Dataset records Block Start

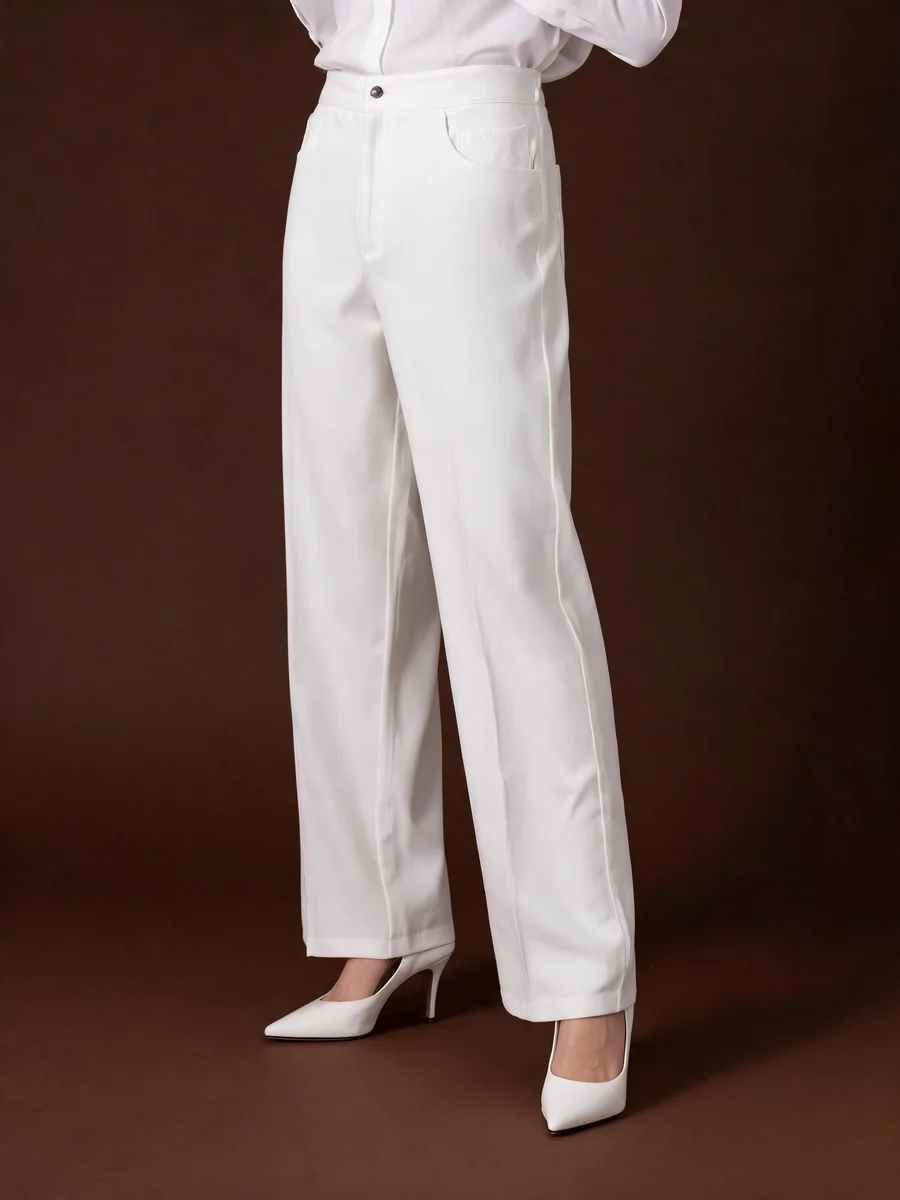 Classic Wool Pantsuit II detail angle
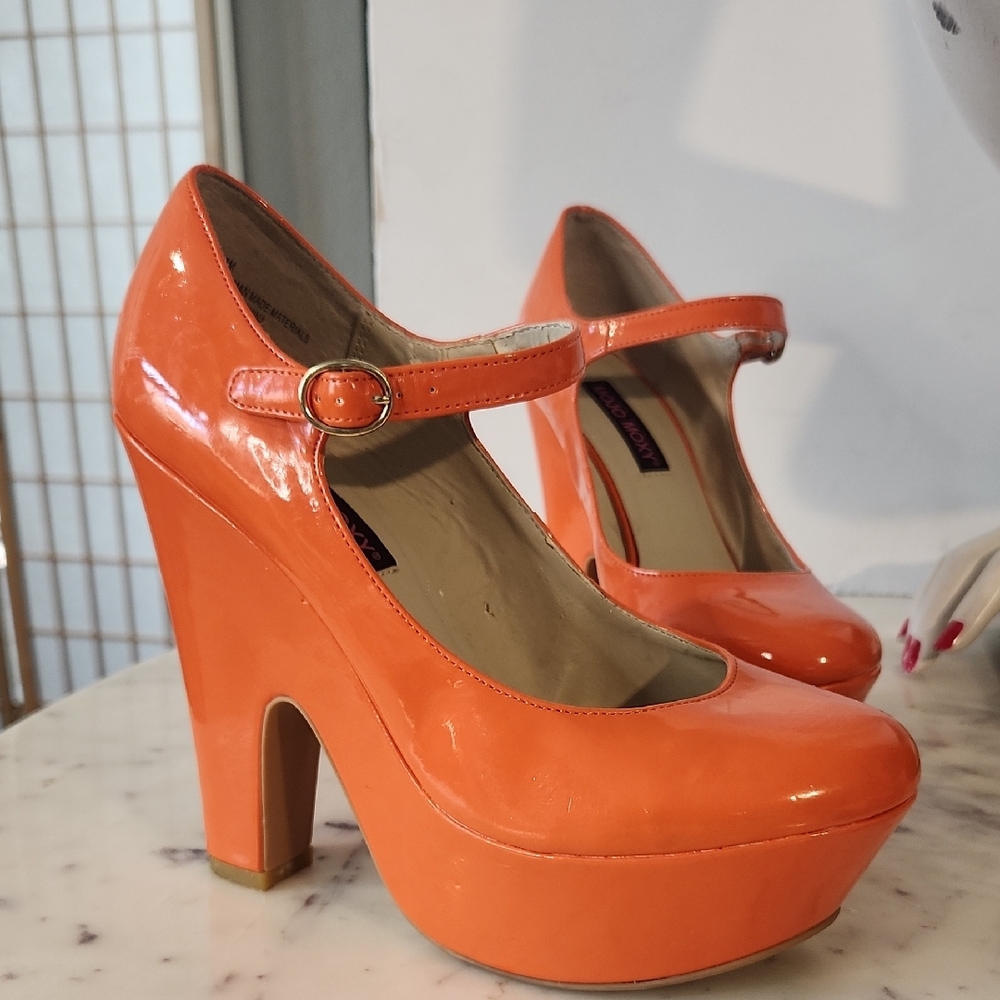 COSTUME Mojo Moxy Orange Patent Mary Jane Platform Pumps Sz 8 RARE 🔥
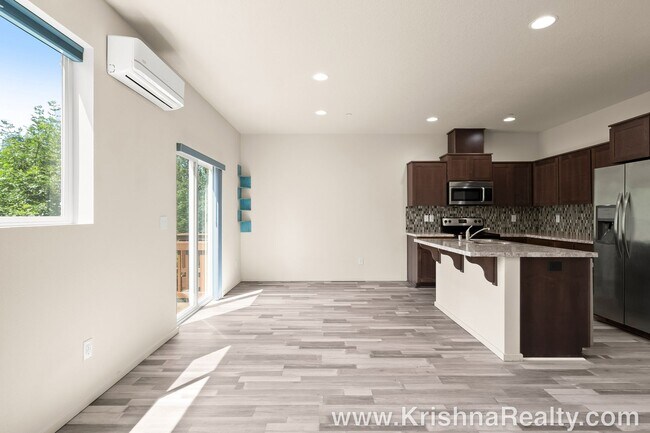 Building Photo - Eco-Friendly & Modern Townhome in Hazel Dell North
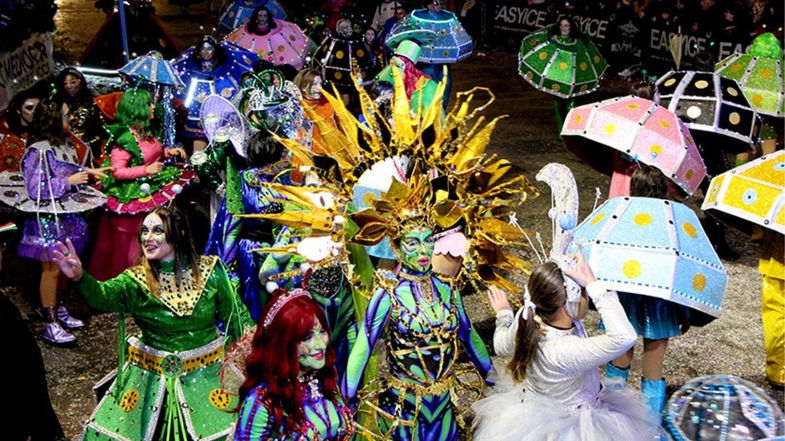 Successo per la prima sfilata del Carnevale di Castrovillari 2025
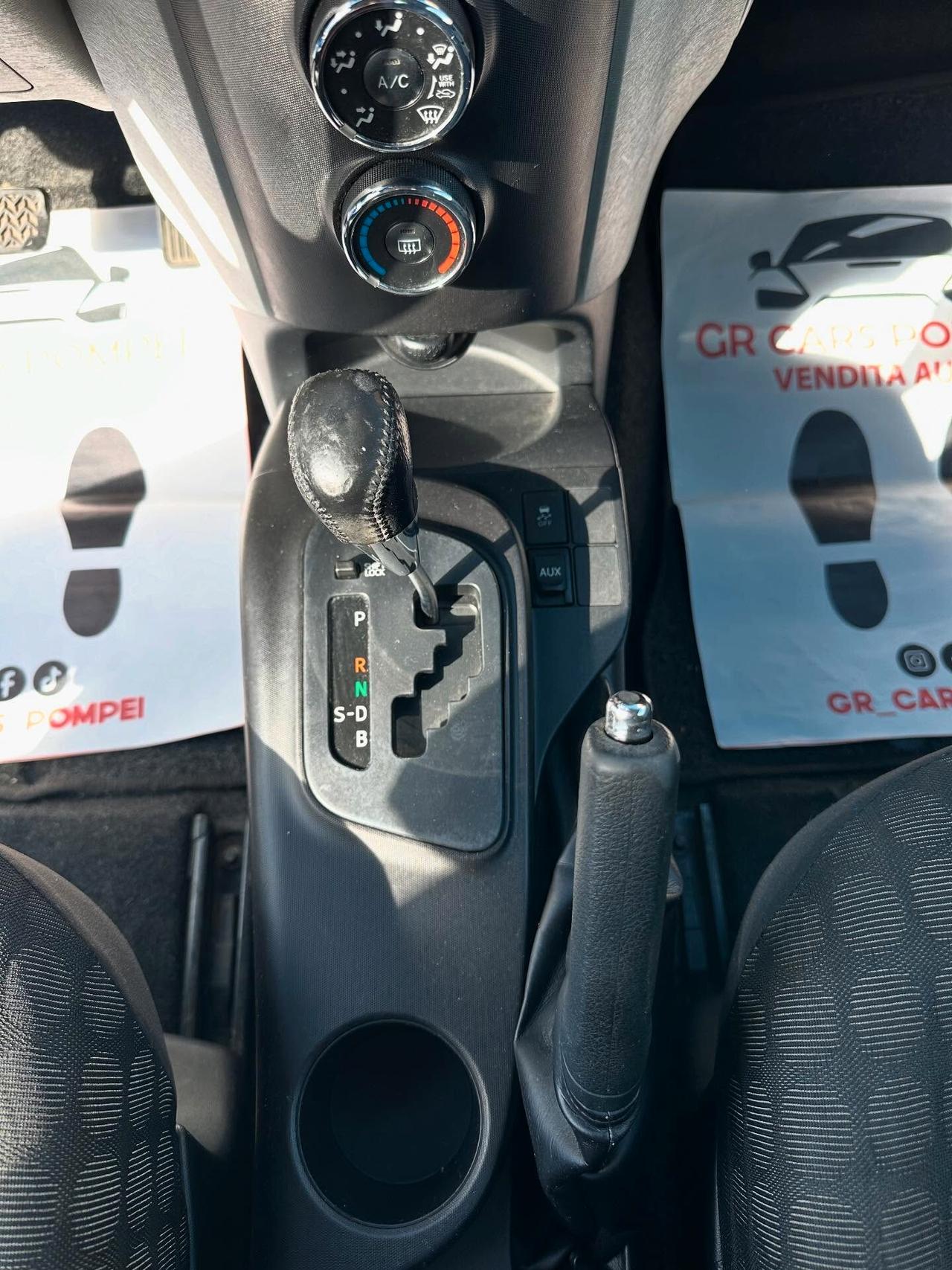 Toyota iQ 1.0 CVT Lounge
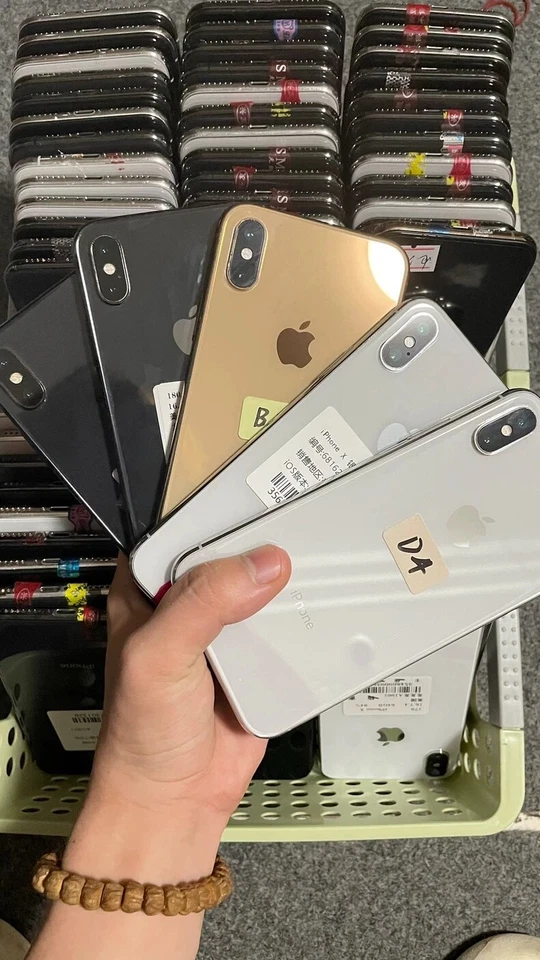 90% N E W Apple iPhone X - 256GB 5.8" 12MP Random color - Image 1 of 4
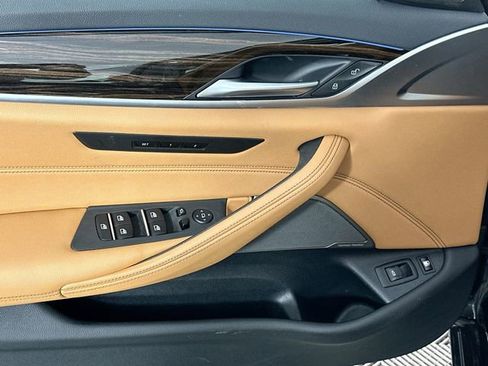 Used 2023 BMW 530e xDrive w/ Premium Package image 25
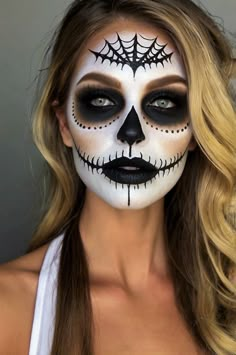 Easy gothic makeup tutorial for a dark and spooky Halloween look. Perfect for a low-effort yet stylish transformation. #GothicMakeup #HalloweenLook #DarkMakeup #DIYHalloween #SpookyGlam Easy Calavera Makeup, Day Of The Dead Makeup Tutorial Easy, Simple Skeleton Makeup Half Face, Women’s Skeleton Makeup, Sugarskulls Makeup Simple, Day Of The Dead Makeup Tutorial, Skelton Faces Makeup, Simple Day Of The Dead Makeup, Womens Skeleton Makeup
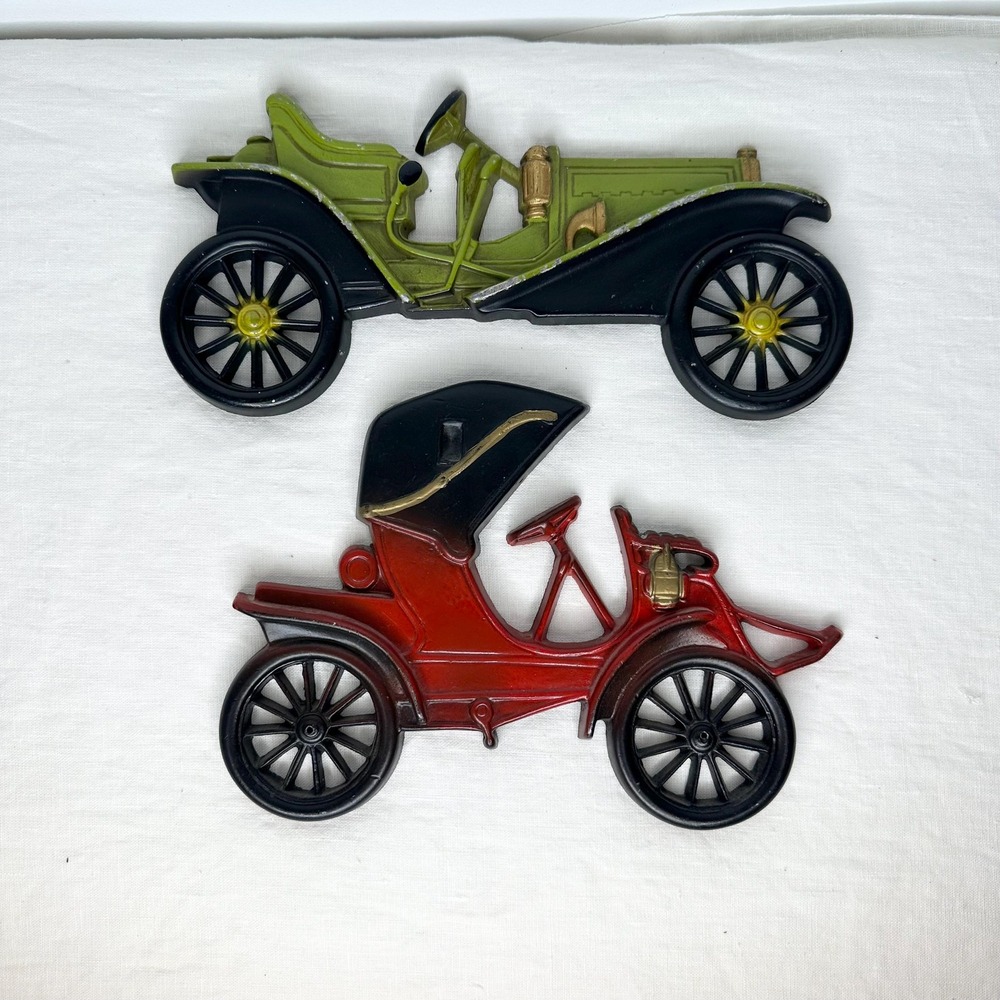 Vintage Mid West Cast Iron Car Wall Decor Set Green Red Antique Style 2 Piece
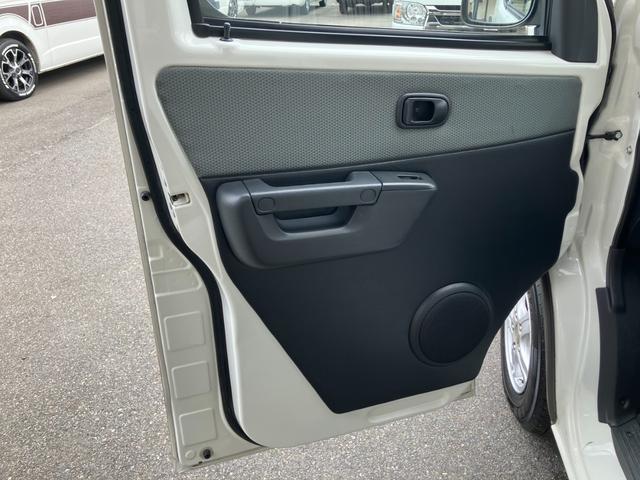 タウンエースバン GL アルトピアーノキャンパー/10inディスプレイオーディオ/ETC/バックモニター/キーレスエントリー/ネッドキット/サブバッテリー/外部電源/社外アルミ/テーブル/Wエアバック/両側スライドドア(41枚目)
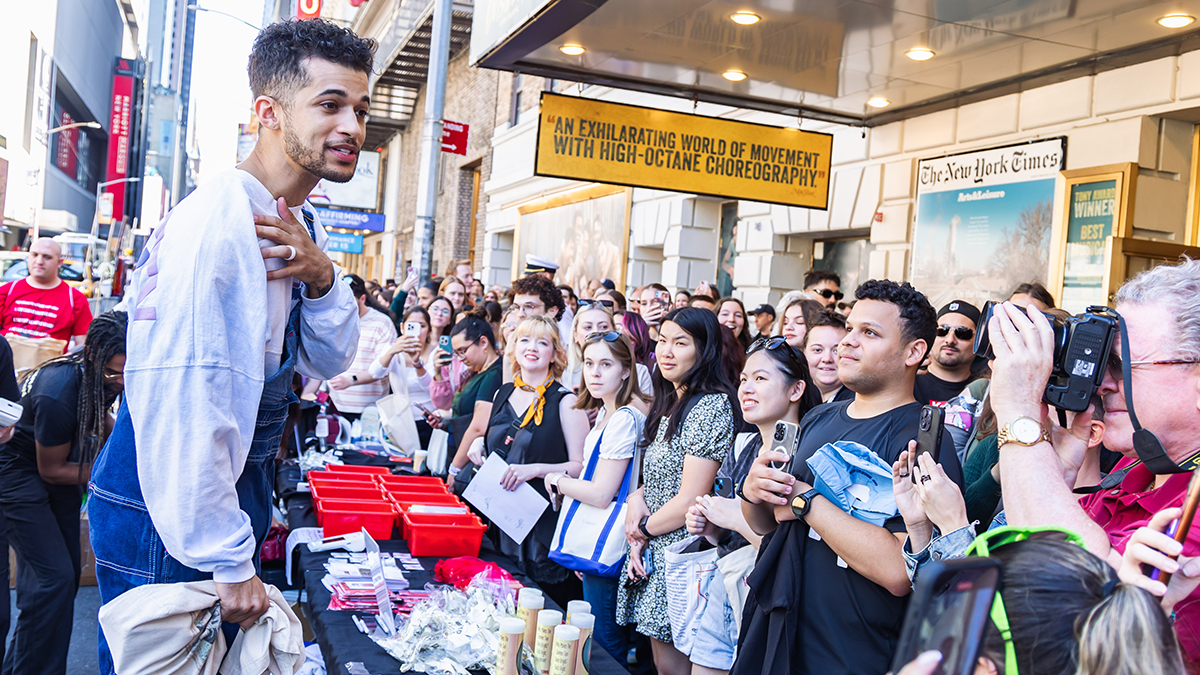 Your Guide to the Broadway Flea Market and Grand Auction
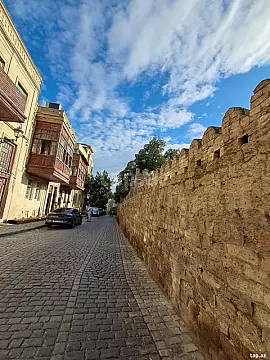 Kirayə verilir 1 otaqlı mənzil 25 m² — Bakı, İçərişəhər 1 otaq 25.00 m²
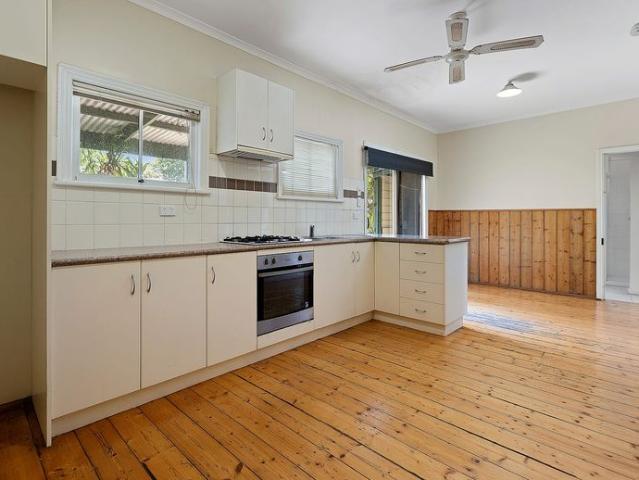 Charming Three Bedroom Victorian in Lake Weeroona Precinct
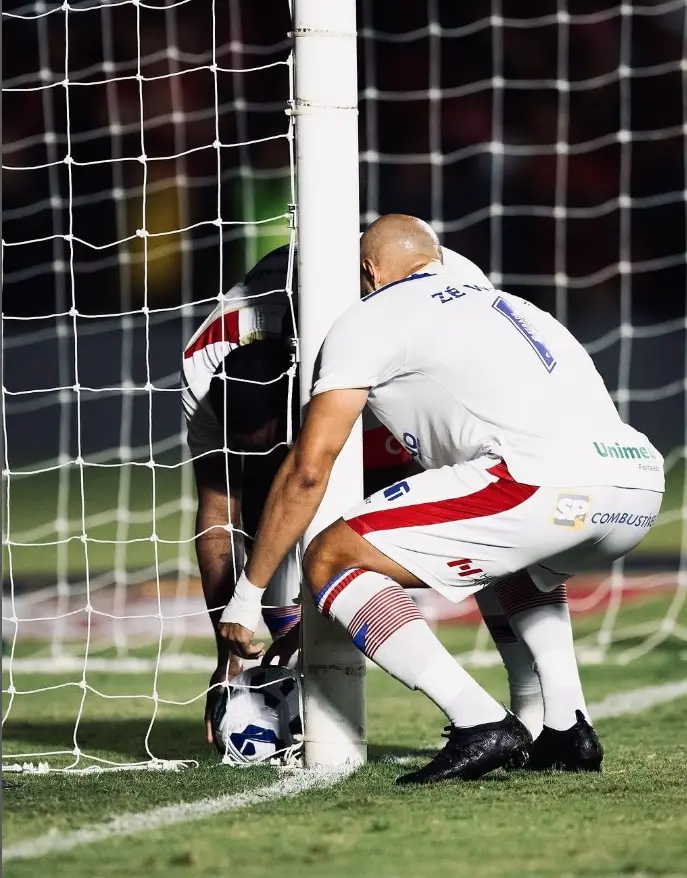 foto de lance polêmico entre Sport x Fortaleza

Dataset records Block End

_Task description_
Once you find the line that contains "Toyota iQ 1.0 CVT Lounge", give it again along with every later line through the end of the data, word for word, minus the pictures.

_Task output_
 Toyota iQ 1.0 CVT Lounge
 90% N E W Apple iPhone X - 256GB 5.8" 12MP Random color - Image 1 of 4
 Used 2023 BMW 530e xDrive w/ Premium Package image 25
 Easy gothic makeup tutorial for a dark and spooky Halloween look. Perfect for a low-effort yet stylish transformation. #GothicMakeup #HalloweenLook #DarkMakeup #DIYHalloween #SpookyGlam Easy Calavera Makeup, Day Of The Dead Makeup Tutorial Easy, Simple Skeleton Makeup Half Face, Women’s Skeleton Makeup, Sugarskulls Makeup Simple, Day Of The Dead Makeup Tutorial, Skelton Faces Makeup, Simple Day Of The Dead Makeup, Womens Skeleton Makeup
 Vintage Mid West Cast Iron Car Wall Decor Set Green Red Antique Style 2 Piece
 タウンエースバン GL アルトピアーノキャンパー/10inディスプレイオーディオ/ETC/バックモニター/キーレスエントリー/ネッドキット/サブバッテリー/外部電源/社外アルミ/テーブル/Wエアバック/両側スライドドア(41枚目)
 Your Guide to the Broadway Flea Market and Grand Auction
 Kirayə verilir 1 otaqlı mənzil 25 m² — Bakı, İçərişəhər 1 otaq 25.00 m²
 Charming Three Bedroom Victorian in Lake Weeroona Precinct
 foto de lance polêmico entre Sport x Fortaleza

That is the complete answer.